(Records from a collection)
++++++++

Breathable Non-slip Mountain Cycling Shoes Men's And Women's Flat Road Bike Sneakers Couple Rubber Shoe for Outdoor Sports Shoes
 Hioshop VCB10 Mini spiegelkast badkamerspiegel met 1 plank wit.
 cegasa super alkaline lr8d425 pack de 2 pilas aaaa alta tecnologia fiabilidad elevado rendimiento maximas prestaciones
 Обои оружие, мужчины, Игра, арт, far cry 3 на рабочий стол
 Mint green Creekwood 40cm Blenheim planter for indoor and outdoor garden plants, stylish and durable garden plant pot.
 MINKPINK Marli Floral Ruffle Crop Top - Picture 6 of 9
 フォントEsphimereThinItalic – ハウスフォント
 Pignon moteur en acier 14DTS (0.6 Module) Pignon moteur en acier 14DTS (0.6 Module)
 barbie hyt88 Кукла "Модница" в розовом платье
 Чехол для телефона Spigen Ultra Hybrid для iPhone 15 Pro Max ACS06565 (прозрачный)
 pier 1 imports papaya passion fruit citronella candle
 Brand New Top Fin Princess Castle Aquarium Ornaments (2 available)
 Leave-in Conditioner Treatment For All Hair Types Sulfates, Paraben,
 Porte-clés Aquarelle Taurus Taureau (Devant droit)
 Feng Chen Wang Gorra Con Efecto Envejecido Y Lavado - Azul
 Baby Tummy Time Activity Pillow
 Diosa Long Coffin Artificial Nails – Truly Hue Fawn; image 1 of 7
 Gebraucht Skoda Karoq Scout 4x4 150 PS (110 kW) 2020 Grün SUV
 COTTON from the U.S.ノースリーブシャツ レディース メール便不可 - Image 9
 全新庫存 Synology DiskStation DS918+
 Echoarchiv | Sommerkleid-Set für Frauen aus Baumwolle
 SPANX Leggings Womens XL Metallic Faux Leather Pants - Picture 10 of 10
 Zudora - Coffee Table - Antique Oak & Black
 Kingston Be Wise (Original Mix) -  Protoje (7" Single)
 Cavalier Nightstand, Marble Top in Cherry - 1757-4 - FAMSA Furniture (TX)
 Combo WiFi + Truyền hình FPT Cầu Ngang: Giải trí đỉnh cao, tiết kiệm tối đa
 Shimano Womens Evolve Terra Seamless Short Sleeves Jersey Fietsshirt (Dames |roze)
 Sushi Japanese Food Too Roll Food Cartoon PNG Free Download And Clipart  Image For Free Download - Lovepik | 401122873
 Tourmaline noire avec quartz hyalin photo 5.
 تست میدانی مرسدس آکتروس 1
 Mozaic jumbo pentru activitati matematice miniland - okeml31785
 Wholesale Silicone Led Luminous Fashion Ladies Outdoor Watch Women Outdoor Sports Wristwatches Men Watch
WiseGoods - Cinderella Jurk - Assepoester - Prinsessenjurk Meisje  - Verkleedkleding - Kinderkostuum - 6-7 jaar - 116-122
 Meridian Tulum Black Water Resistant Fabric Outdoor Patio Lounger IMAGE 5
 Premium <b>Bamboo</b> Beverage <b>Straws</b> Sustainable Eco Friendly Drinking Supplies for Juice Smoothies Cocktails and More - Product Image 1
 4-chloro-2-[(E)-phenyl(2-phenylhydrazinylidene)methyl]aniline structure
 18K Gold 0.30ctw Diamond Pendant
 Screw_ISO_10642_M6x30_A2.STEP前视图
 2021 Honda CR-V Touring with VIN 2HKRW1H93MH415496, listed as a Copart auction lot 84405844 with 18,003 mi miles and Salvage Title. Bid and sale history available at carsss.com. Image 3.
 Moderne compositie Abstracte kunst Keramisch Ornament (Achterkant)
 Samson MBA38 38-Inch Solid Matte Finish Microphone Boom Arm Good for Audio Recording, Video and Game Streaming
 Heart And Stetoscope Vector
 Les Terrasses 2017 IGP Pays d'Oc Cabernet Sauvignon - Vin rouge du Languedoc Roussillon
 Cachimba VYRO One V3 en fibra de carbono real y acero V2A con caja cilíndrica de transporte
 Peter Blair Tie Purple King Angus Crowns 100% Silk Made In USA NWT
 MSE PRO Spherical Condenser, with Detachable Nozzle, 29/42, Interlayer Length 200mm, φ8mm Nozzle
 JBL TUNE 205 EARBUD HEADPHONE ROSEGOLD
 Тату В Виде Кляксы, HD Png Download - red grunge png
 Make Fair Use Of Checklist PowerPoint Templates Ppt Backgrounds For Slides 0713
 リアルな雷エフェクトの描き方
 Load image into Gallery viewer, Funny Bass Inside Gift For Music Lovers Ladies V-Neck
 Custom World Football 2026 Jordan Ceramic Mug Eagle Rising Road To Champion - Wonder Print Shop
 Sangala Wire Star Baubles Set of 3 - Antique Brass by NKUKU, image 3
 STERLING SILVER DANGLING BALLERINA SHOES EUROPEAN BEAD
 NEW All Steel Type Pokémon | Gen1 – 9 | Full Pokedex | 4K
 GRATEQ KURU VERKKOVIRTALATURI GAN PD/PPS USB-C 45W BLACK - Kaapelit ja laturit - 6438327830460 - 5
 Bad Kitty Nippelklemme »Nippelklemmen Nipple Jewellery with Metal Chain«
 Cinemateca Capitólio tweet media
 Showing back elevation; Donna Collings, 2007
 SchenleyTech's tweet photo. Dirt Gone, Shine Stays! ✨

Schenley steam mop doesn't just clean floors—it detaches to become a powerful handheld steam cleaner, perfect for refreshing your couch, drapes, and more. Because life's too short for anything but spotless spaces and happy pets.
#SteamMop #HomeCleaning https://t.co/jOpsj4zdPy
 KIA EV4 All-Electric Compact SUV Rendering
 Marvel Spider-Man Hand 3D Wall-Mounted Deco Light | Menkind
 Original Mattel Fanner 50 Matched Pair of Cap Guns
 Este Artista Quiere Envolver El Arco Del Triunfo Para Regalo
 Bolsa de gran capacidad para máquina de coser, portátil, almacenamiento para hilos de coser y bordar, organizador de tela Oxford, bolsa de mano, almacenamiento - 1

++++++++

**What this task involves:** Could the data above be set down exactly, in full?

**Exercise response:**
Breathable Non-slip Mountain Cycling Shoes Men's And Women's Flat Road Bike Sneakers Couple Rubber Shoe for Outdoor Sports Shoes
 Hioshop VCB10 Mini spiegelkast badkamerspiegel met 1 plank wit.
 cegasa super alkaline lr8d425 pack de 2 pilas aaaa alta tecnologia fiabilidad elevado rendimiento maximas prestaciones
 Обои оружие, мужчины, Игра, арт, far cry 3 на рабочий стол
 Mint green Creekwood 40cm Blenheim planter for indoor and outdoor garden plants, stylish and durable garden plant pot.
 MINKPINK Marli Floral Ruffle Crop Top - Picture 6 of 9
 フォントEsphimereThinItalic – ハウスフォント
 Pignon moteur en acier 14DTS (0.6 Module) Pignon moteur en acier 14DTS (0.6 Module)
 barbie hyt88 Кукла "Модница" в розовом платье
 Чехол для телефона Spigen Ultra Hybrid для iPhone 15 Pro Max ACS06565 (прозрачный)
 pier 1 imports papaya passion fruit citronella candle
 Brand New Top Fin Princess Castle Aquarium Ornaments (2 available)
 Leave-in Conditioner Treatment For All Hair Types Sulfates, Paraben,
 Porte-clés Aquarelle Taurus Taureau (Devant droit)
 Feng Chen Wang Gorra Con Efecto Envejecido Y Lavado - Azul
 Baby Tummy Time Activity Pillow
 Diosa Long Coffin Artificial Nails – Truly Hue Fawn; image 1 of 7
 Gebraucht Skoda Karoq Scout 4x4 150 PS (110 kW) 2020 Grün SUV
 COTTON from the U.S.ノースリーブシャツ レディース メール便不可 - Image 9
 全新庫存 Synology DiskStation DS918+
 Echoarchiv | Sommerkleid-Set für Frauen aus Baumwolle
 SPANX Leggings Womens XL Metallic Faux Leather Pants - Picture 10 of 10
 Zudora - Coffee Table - Antique Oak & Black
 Kingston Be Wise (Original Mix) -  Protoje (7" Single)
 Cavalier Nightstand, Marble Top in Cherry - 1757-4 - FAMSA Furniture (TX)
 Combo WiFi + Truyền hình FPT Cầu Ngang: Giải trí đỉnh cao, tiết kiệm tối đa
 Shimano Womens Evolve Terra Seamless Short Sleeves Jersey Fietsshirt (Dames |roze)
 Sushi Japanese Food Too Roll Food Cartoon PNG Free Download And Clipart  Image For Free Download - Lovepik | 401122873
 Tourmaline noire avec quartz hyalin photo 5.
 تست میدانی مرسدس آکتروس 1
 Mozaic jumbo pentru activitati matematice miniland - okeml31785
 Wholesale Silicone Led Luminous Fashion Ladies Outdoor Watch Women Outdoor Sports Wristwatches Men Watch
WiseGoods - Cinderella Jurk - Assepoester - Prinsessenjurk Meisje  - Verkleedkleding - Kinderkostuum - 6-7 jaar - 116-122
 Meridian Tulum Black Water Resistant Fabric Outdoor Patio Lounger IMAGE 5
 Premium <b>Bamboo</b> Beverage <b>Straws</b> Sustainable Eco Friendly Drinking Supplies for Juice Smoothies Cocktails and More - Product Image 1
 4-chloro-2-[(E)-phenyl(2-phenylhydrazinylidene)methyl]aniline structure
 18K Gold 0.30ctw Diamond Pendant
 Screw_ISO_10642_M6x30_A2.STEP前视图
 2021 Honda CR-V Touring with VIN 2HKRW1H93MH415496, listed as a Copart auction lot 84405844 with 18,003 mi miles and Salvage Title. Bid and sale history available at carsss.com. Image 3.
 Moderne compositie Abstracte kunst Keramisch Ornament (Achterkant)
 Samson MBA38 38-Inch Solid Matte Finish Microphone Boom Arm Good for Audio Recording, Video and Game Streaming
 Heart And Stetoscope Vector
 Les Terrasses 2017 IGP Pays d'Oc Cabernet Sauvignon - Vin rouge du Languedoc Roussillon
 Cachimba VYRO One V3 en fibra de carbono real y acero V2A con caja cilíndrica de transporte
 Peter Blair Tie Purple King Angus Crowns 100% Silk Made In USA NWT
 MSE PRO Spherical Condenser, with Detachable Nozzle, 29/42, Interlayer Length 200mm, φ8mm Nozzle
 JBL TUNE 205 EARBUD HEADPHONE ROSEGOLD
 Тату В Виде Кляксы, HD Png Download - red grunge png
 Make Fair Use Of Checklist PowerPoint Templates Ppt Backgrounds For Slides 0713
 リアルな雷エフェクトの描き方
 Load image into Gallery viewer, Funny Bass Inside Gift For Music Lovers Ladies V-Neck
 Custom World Football 2026 Jordan Ceramic Mug Eagle Rising Road To Champion - Wonder Print Shop
 Sangala Wire Star Baubles Set of 3 - Antique Brass by NKUKU, image 3
 STERLING SILVER DANGLING BALLERINA SHOES EUROPEAN BEAD
 NEW All Steel Type Pokémon | Gen1 – 9 | Full Pokedex | 4K
 GRATEQ KURU VERKKOVIRTALATURI GAN PD/PPS USB-C 45W BLACK - Kaapelit ja laturit - 6438327830460 - 5
 Bad Kitty Nippelklemme »Nippelklemmen Nipple Jewellery with Metal Chain«
 Cinemateca Capitólio tweet media
 Showing back elevation; Donna Collings, 2007
 SchenleyTech's tweet photo. Dirt Gone, Shine Stays! ✨

Schenley steam mop doesn't just clean floors—it detaches to become a powerful handheld steam cleaner, perfect for refreshing your couch, drapes, and more. Because life's too short for anything but spotless spaces and happy pets.
#SteamMop #HomeCleaning https://t.co/jOpsj4zdPy
 KIA EV4 All-Electric Compact SUV Rendering
 Marvel Spider-Man Hand 3D Wall-Mounted Deco Light | Menkind
 Original Mattel Fanner 50 Matched Pair of Cap Guns
 Este Artista Quiere Envolver El Arco Del Triunfo Para Regalo
 Bolsa de gran capacidad para máquina de coser, portátil, almacenamiento para hilos de coser y bordar, organizador de tela Oxford, bolsa de mano, almacenamiento - 1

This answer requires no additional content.